FIG. 22 is a diagram illustrating a modification of the first embodiment using a head mounted display as the display device 31. As indicated by reference numeral Im1 in FIG. 22(A) and reference numeral Im2 in FIG. 22(B), content is displayed in a virtual space directly viewed by the user RU on the head mounted display. Reference numeral Im1 indicates a state in which the user visually recognizes the object P1 on the stage S from a position away from the stage S. Reference numeral Im2 indicates a state in which the user RU looks up the object P1 on the stage S from immediately below the stage S.
The head mounted display is provided with a gyro sensor and a line-of-sight detection sensor. As indicated by an arrow in FIG. 22(A), in a case where the user moves forward, movement is detected by the gyro sensor, and a virtual space is displayed so that the user approaches the stage S. Furthermore, as indicated by the arrow in FIG. 22(B), in a case where the user RU looks upward, the tilt of the head is detected by the gyro sensor, and the display of the virtual space is switched. In this configuration, the gyro sensor, the line-of-sight detection sensor, and the sensor attached to the arm or the like of the user RU can detect the position, the line-of-sight, and the gesture of the user RU, and the motion of the object P1 can be changed in response to the detection.
Second Embodiment
Hereinafter, an information processing system S2 according to the second embodiment will be described. FIG. 23 illustrates a block diagram of each of the content data distribution device 10, the server device 20, and the client device 30 constituting the information processing system S2 according to the second embodiment. Of the components in the second embodiment, the components similar to those in the first embodiment are denoted by the same reference numerals, and redundant description will be omitted.
The information processing system S2 according to the second embodiment provides the client device 30 with the acquired motion material via the server device 20 in real time. In order to realize such a configuration, as illustrated in FIG. 23, the server device 20 includes the motion capture unit 101, the motion editing unit 102, the motion change tolerance setting unit 113, the application logic control unit 201, the timeline control unit 202, the multiplay control unit 203, and the communication unit 204. The function of each unit is similar to that of the first embodiment.
On the other hand, unlike the configuration of the first embodiment in the content data distribution device 10, the motion capture unit 101, the motion editing unit 102, and the motion change tolerance setting unit 113 are not included. In addition, the configuration of the client device 30 is the same as the configuration of the first embodiment.
FIG. 24 is a flowchart illustrating an example of the operation of the server device 20 according to the second embodiment. In the second embodiment, after receiving the server playback application (data) (S241), the server device 20 creates object motion data (S242). The object motion data is created with the motion material acquired by the motion capture unit 101 through the motion editing unit 102, the application logic control unit 201, and the timeline control unit 202. Each of the application logic control unit 201 and the timeline control unit 202 analyzes the motion material acquired by the motion capture unit 101 to create motion information and motion playback speed information constituting the object motion data.
After the object motion data is created, the server device 20 sets the tolerance of the change in motion for the object whose motion is reproduced by the object motion data (S243).

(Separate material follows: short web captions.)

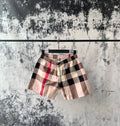 COSTUME BURBERRY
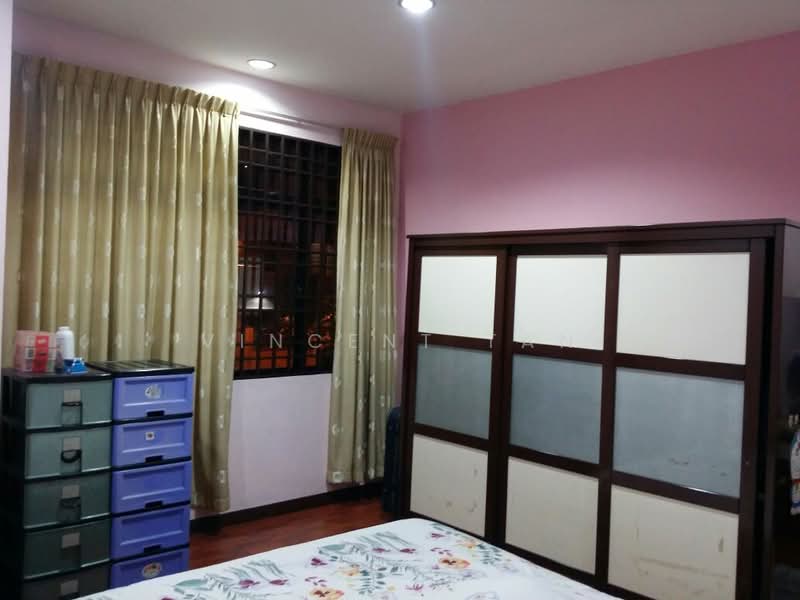 2-storey Terraced House for Sale in Taman Pandan Mewah (Ampang) - Vincent Tan - Bedroom - PropertyGuru.com.my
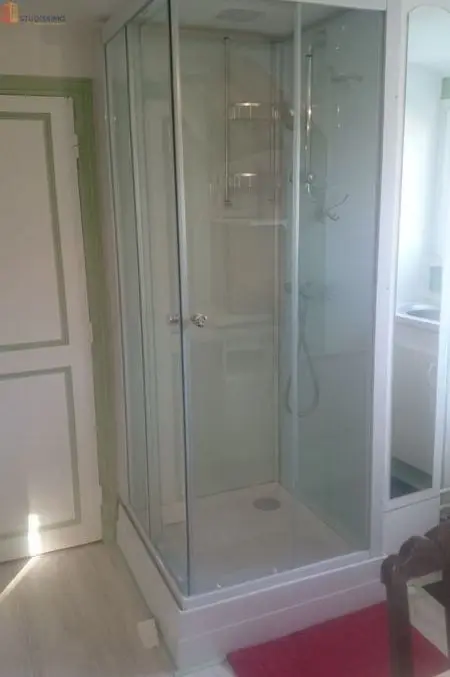 Studio meublé 25m² Houlgate - Proche mer et gare - Photo 2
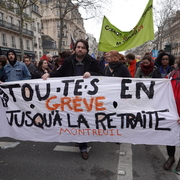 toutes en grève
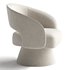 Bhupendra Swivel Accent Chair - Thumbnail 2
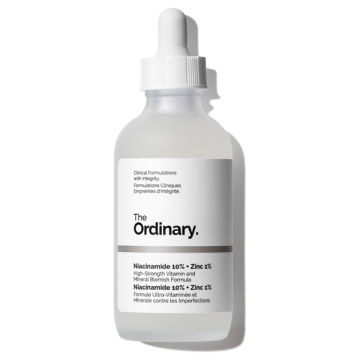 【数量限定】ナイアシンアミド*1 10%+亜鉛1%*2(N10+Z1フェイスセラム)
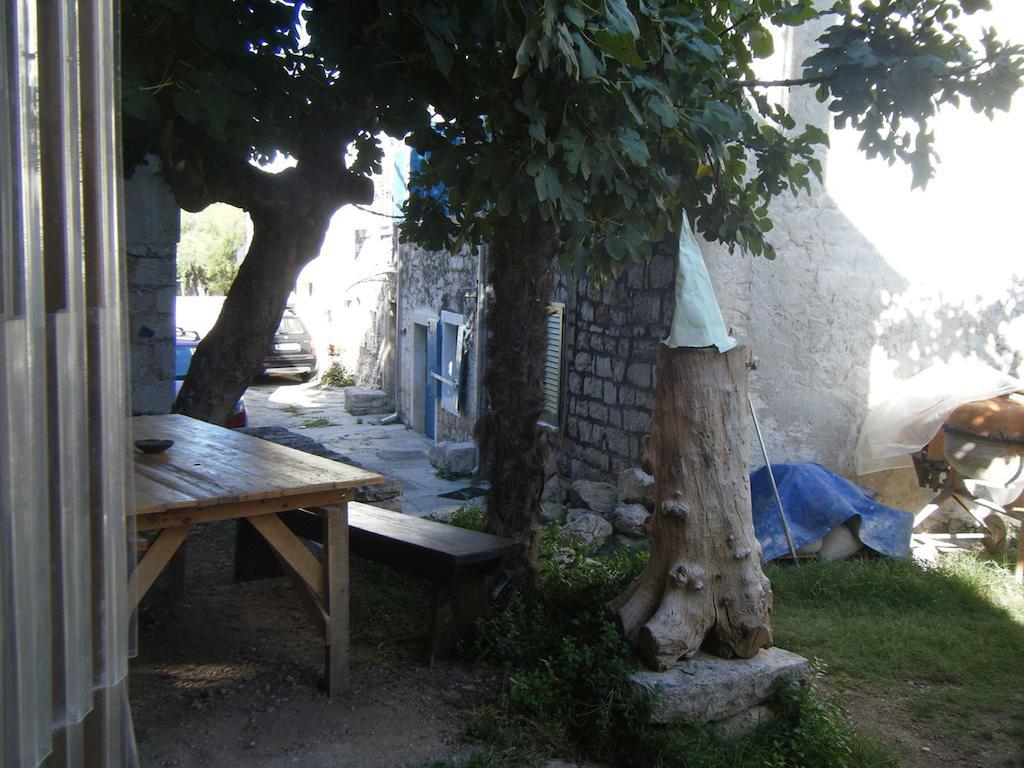 Holiday Home Tonci Водице Номер фото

This setting is performed by the motion change tolerance setting unit 113.
Thereafter, the server device 20 processes a plurality of bones constituting the object motion data, body parts corresponding thereto, motion information for reproducing motions of the bones according to the real motion of the performer, playback speed information of the motion, and the like into a control signal and the like to transmit the control signal and the like to the client device 30 (S244). Then, when receiving the playback end signal, the server device 20 stops the transmission of the control signal, and ends the process (S245).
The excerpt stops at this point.